In 1974, Wall criticised the Labour government's pull-out from the Simonstown naval base in South Africa, and stated in the House of Commons that "they" (the government) "must be insane. This is the only link NATO has with the Cape. British interests in Africa as a strategic part of the world should be maintained." In 1975, writing in the journal To The Point, Patrick Wall said "the basic philosophy of the Communist powers is to detach Southern Africa from the Western World."

A committed supporter of the North Atlantic Treaty Organization (NATO), he was leader of the British delegation to the North Atlantic Assembly from 1979 to 1987. Wall was especially suspicious of the Foreign Office, which he believed had contributed to Britain's decline. He would quote an African minister's remark: "We never trust you British because you never protect your own tribe."

==Monday Club==
Wall was an early member (1963) of the Conservative Monday Club, sat on several of its committees, served on its Executive Council, and was National Club Chairman 1978–80. He collaborated on many papers and publications for the club, and spoke for club policies and concerns in the House of Commons.

On May Day 1970, the club held a 'Law and Liberty' rally in Trafalgar Square where he, and several other of the club's MPs were principal speakers. In November 1971, he and John Biggs-Davison, joined, as observers, British troops in action in Northern Ireland against the Irish Republican Army (IRA).

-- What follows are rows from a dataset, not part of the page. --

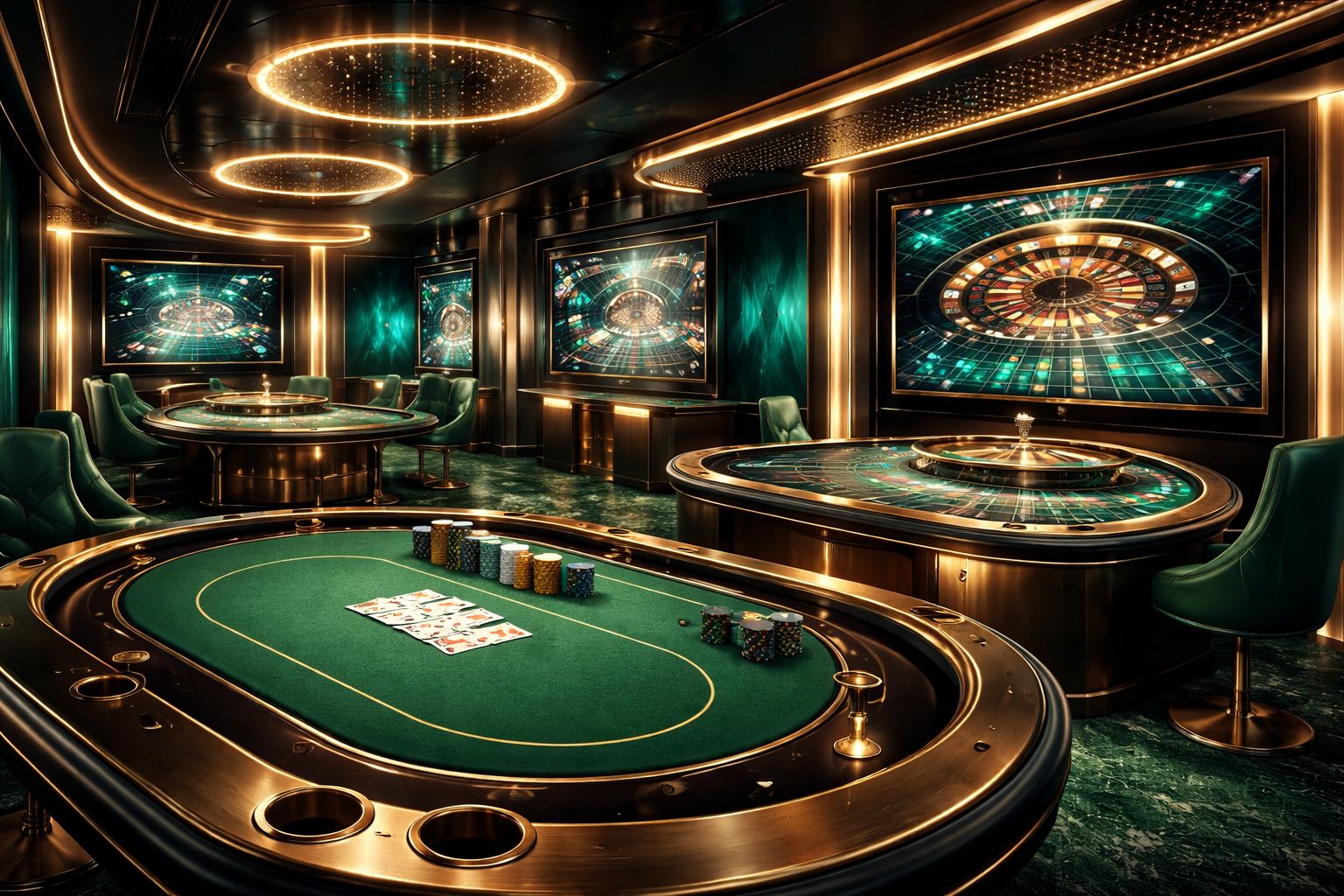 Configuración moderna de casino en vivo con pantalla de jugador mostrando cartas, visuales de ruleta e iluminación de estudio.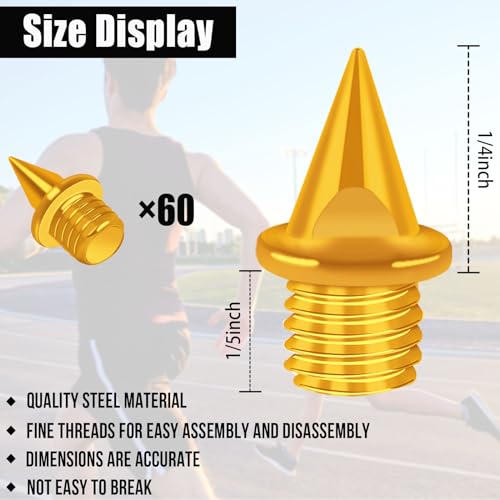 JULMELON 1/4 Inch Steel Track Spikes,60pcs Track Spikes with Spike Wrench for Track Shoes Field Sprinting Cross Country Short Running(Gold) - Image 2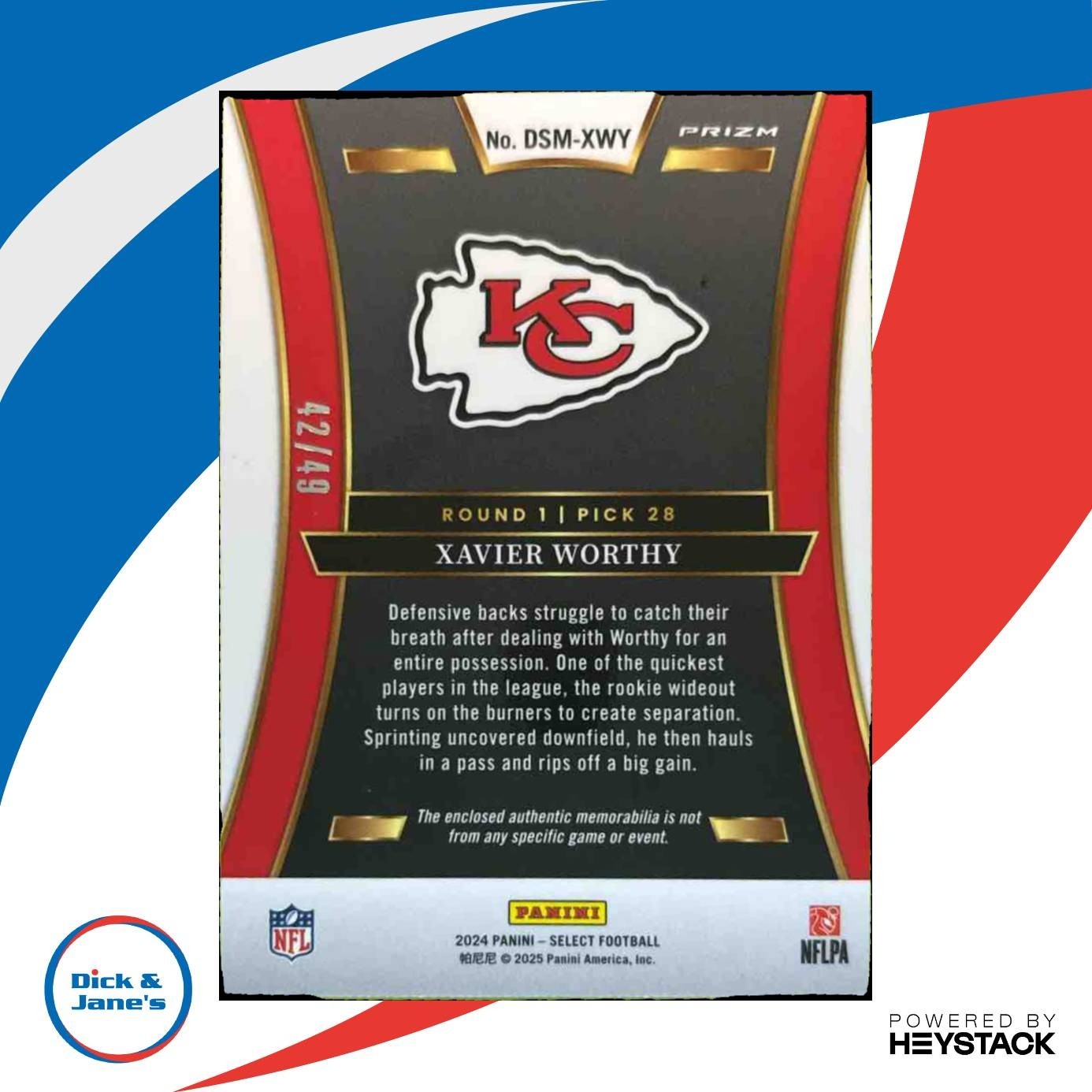 2024 Select Xavier Worthy Draft Selections Memorabilia Copper /49 RC Chiefs - Sports Cards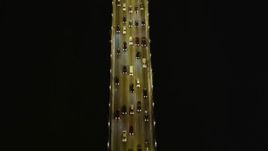 5K aerial stock footage bird's eye view flying over Bay Bridge, San Francisco, California, night Aerial Stock Footage | AXSF07_028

As University Groups Parliamentary Liaison Officer, he was active in supporting the 55 Monday Club groups formed in universities and colleges. He became a target for the Left and was denounced by the National Union of Students. In 1968, he was attacked at Leeds University and his wife was knocked to the ground and kicked. Speaking at Portsmouth Polytechnic in December 1972, his meeting was broken up by a shouting group of students who pelted Wall with missiles.

In May 1974, Wall, John Biggs-Davison, and Robert Taylor tabled a motion in the House of Commons deploring the Labour government's decision to cancel the visit of the Royal Yacht Britannia to Cape Town, describing it as "vindictive and selective spite." In August 1974, Commander Anthony Courtney and Wall issued a Monday Club Paper criticising the "high proportion of official Communist representatives in London, who are known to be engaged in 'legal' espionage under diplomatic cover." They warned also that Britain would become increasingly vulnerable following the opening of a Soviet Embassy in Dublin as the IRA was Marxist.

In a letter published in the Daily Telegraph in November 1974, Patrick Wall wrote "Conservatism has lost millions of votes because the man in the street no longer believes that they stand primarily for Britain's interests." He added: "to the man in the street the Conservative leadership has been more intent on crushing the Rhodesians than the IRA; more interested in the Ugandan Asians than in maintaining the rights of Britons living abroad; more worried about Enoch Powell than Messrs. Hugh Scanlon and Arthur Scargill".

Wall was presented with a Fellowship Certificate of the Chartered Institute of Journalists at a formal reception for the occasion, held at the National Liberal Club, London, on Wednesday 12 July 1989.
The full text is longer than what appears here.